Odebrałam wczoraj wyniki badań hormonalnych, które robiłam w 3 dniu cyklu. Zdążyłam tuż po wyjściu z przychodni sprawdzić, że mieszczą się w normach (choć jeden wynik był blisko granicy) i uspokojona schowałam je do torebki. Do końca dnia nie miałam już czasu bliżej się z nimi zapoznać.
Dzisiaj znalazłam chwilę i aż mi się niedobrze zrobiło ze stresu.
ESTRADIOL 63.8 pg/ml (norma dla fazy folikularnej 19.5-144.2) - czyli piękny środeczek => OK.
FSH 9.7 mlU/ml (norma dla fazy folikularnej to 2.5-10.2) - niby zmieściłam się na styk w normie, te w internecie wskazują nawet górną granicę 12, ALE szczegółowy podział zakresów normy wskazał, że poniżej 9 jest jeszcze ok, a od 9-12 to już OBNIŻONA REZERWA JAJNIKOWA! Następnie od 12-18 mIU/ml - wyczerpująca się rezerwa jajnikowa, stymulacja owulacji jest trudna. WTF?! Czyżbym mój czas na ciążę już mijał?! Może mam powyżej 30 lat na karku, ale dopiero 19 miesięcy powyżej 30! W telewizji i internecie ciągle trąbią jak to 40-45-letnie aktorki zachodzą w ciążę, gdy poczuły, że nadszedł ten moment. One mogą mając 10-15 lat więcej, a ja już zbliżam się do końca swych możliwości?! Kiedy zdążę zmajstrować moją wymarzoną 3 dzieci??? Czuję się jakby to nie był schyłek moich szans na ciążę, czuję się jakby to był schyłek mojego życia:( Jestem załamana:(
1 kwietnia jadę jeszcze zrobić w klinice zlecone badanie AMH + test PCT. Może AMH jakimś cudem zaprzeczy temu co właśnie odkryłam? Może jeszcze nie jest tak źle? Nie może być...
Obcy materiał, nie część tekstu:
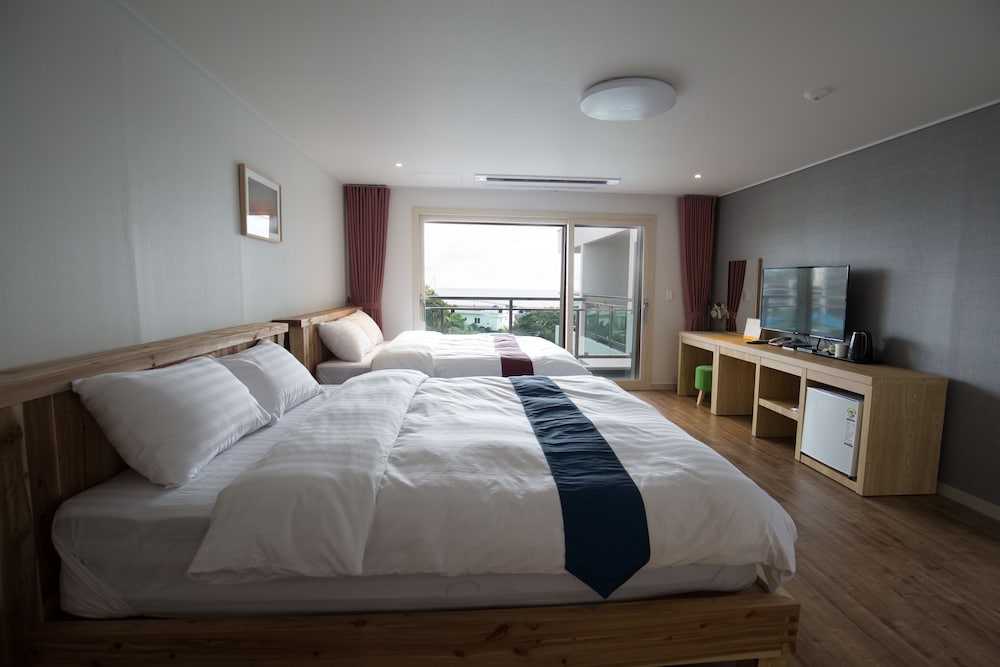 Cheonjiyeon Crystal Hotel 7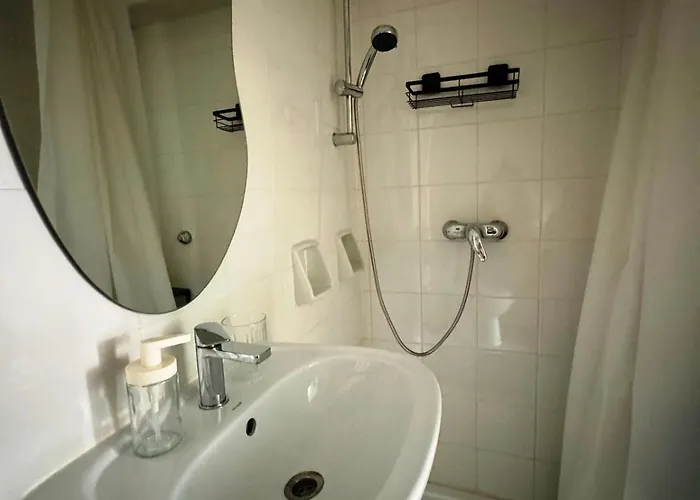 Plutus And With Free Parking Apartment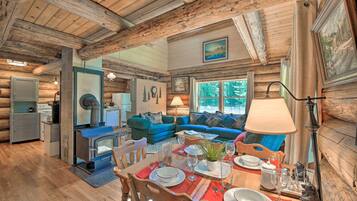 Rumah (4 Bedrooms) | Interior
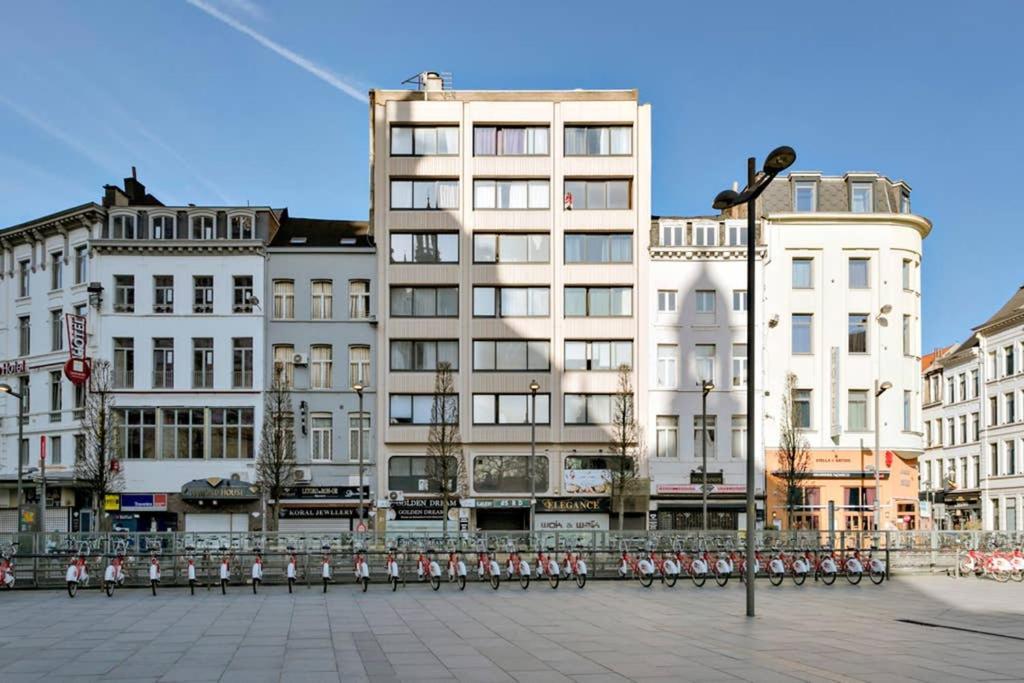 City Penthouse, Rooftop Terrace, Free Netflix, Wifi And Airco Antwerpen Bagian luar foto
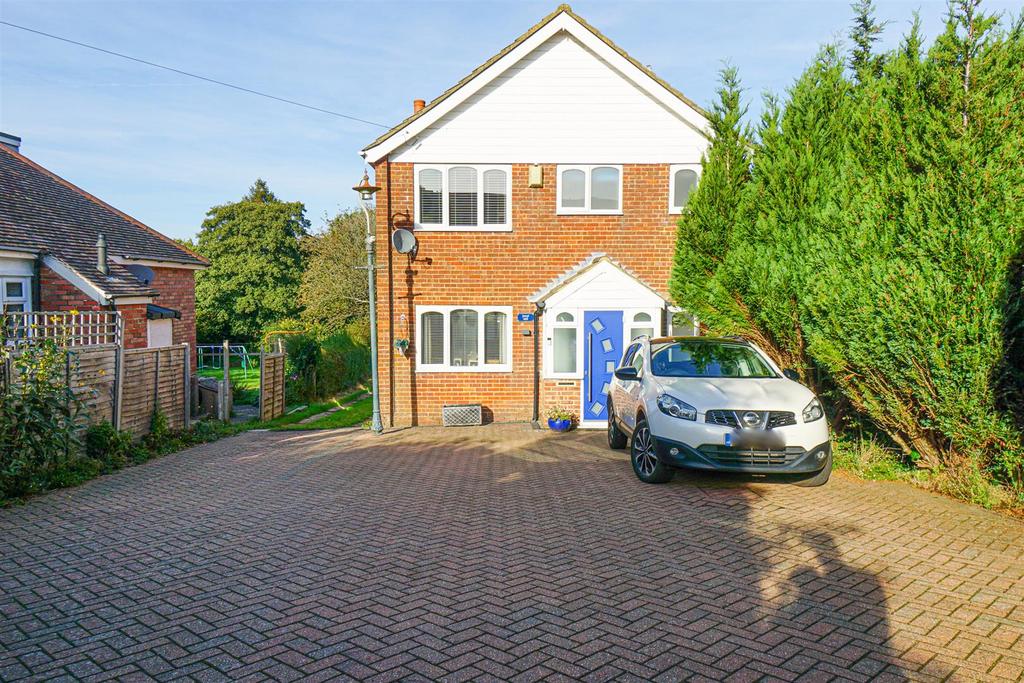 The Ridge, Hastings 3 bed detached house for sale £475,000
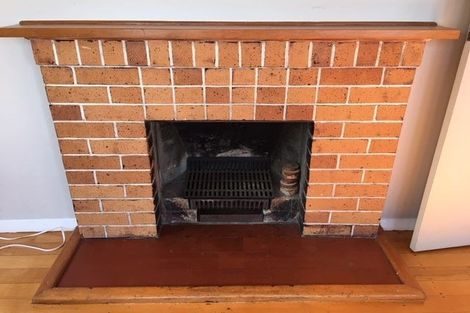 Photo of property in 23 Clairville Crescent, Wai O Taiki Bay, Auckland, 1072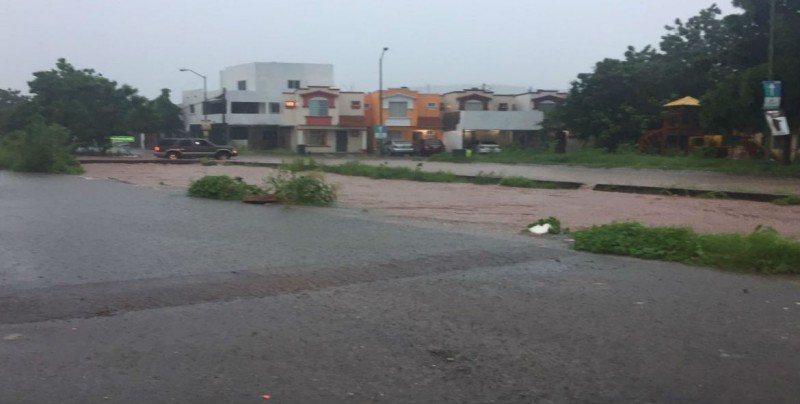 Caos vial por lluvias intensas registradas en Culiacán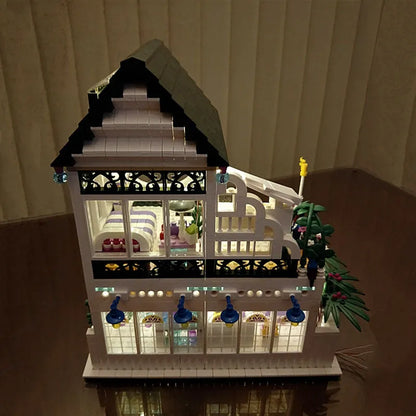 Xingbao MOC Building Block Set: Street Expert City Romantic House, Model XB01202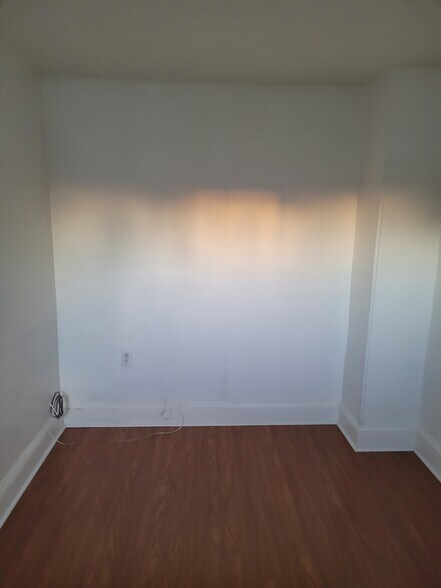 3rd bdrm - 76 Bedford St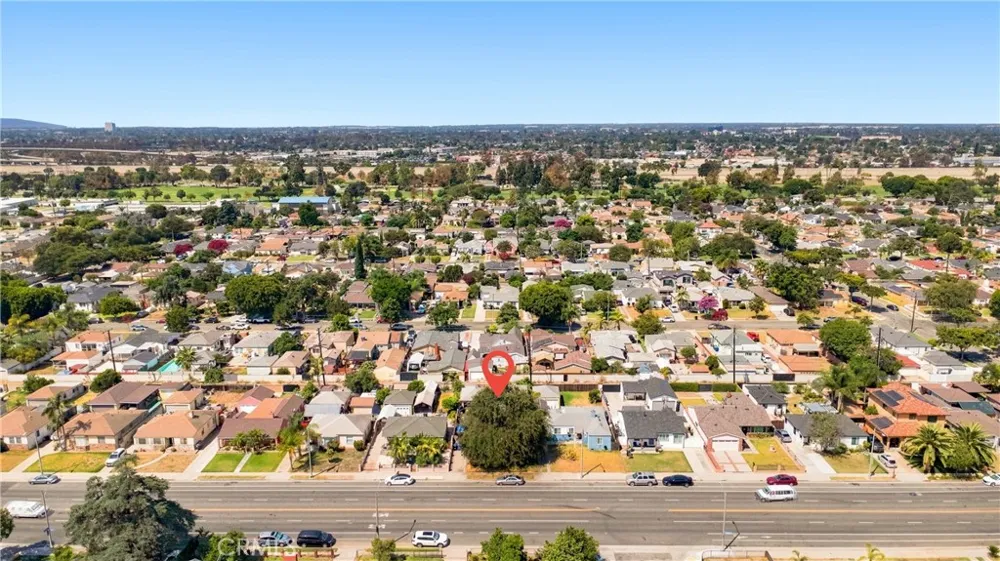 11605 Garfield South Gate, CA 90280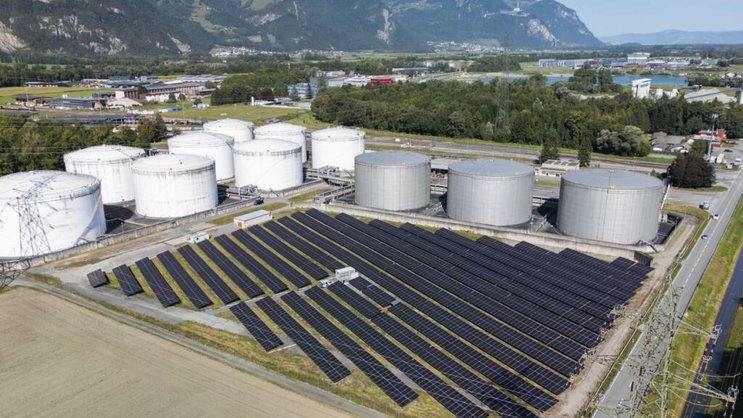 Installée sur 15'000 m2 de terrain industriel existant à Aigle, la centrale photovoltaïque est composée de 3006 panneaux solaires d'une puissance totale de 2089 kWc.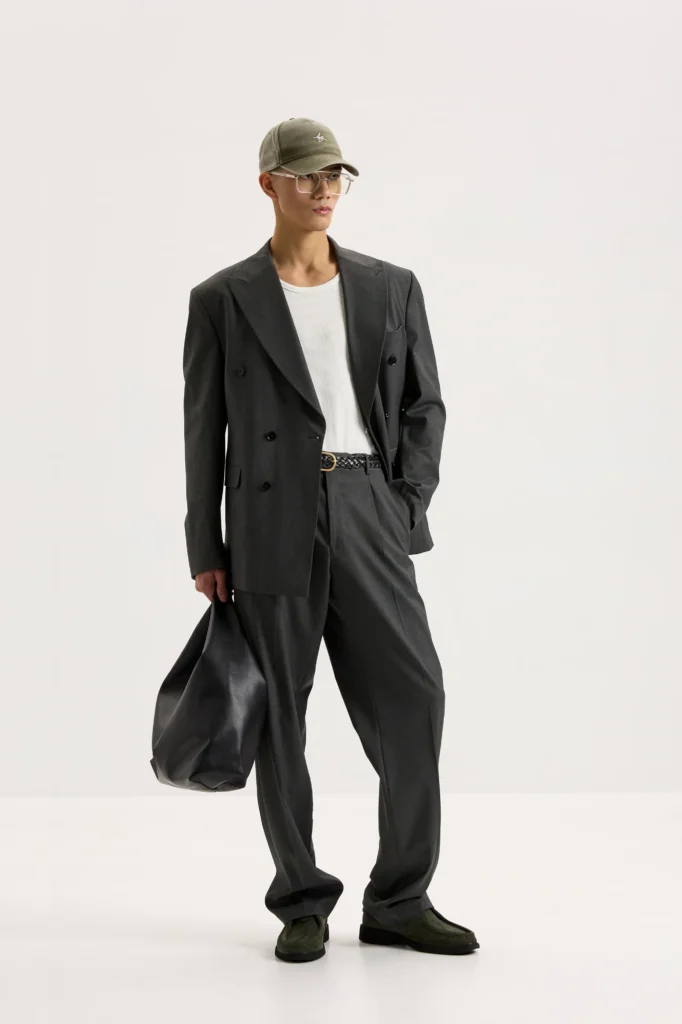 Костюм двобортний Shadow grey be Gentleman 2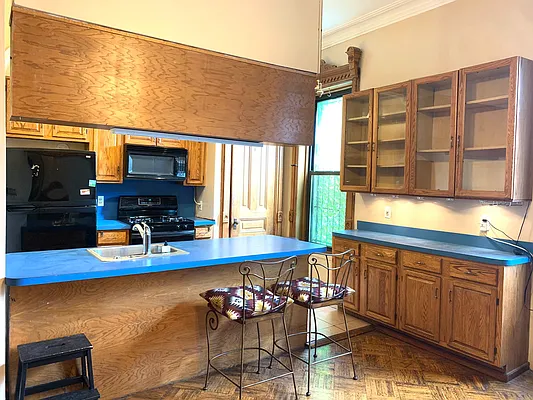 Rented by Brown Harris Stevens | media 18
Dzisiaj też rozpoczęłam starania o poprawienie mojego endometrium w tym cyklu. W ostatnim było zdecydowanie za cienkie jak na moment owulacji (5.97mm w 16dc). Jako, że z całej listy korzystnych produktów spożywczych zapamiętałam jedynie orzechy i czerwone wino to schrupałam po powrocie garść orzechów i wypiłam lampkę mojego ulubionego wina na odstresowanie. Nie da się ukryć, że pasuje mi ta dieta. Gdyby nie złe wieści, na które natknęłam się dzisiaj to byłabym wręcz zadowolona, a twarz rozpromieniłby mi uśmiech!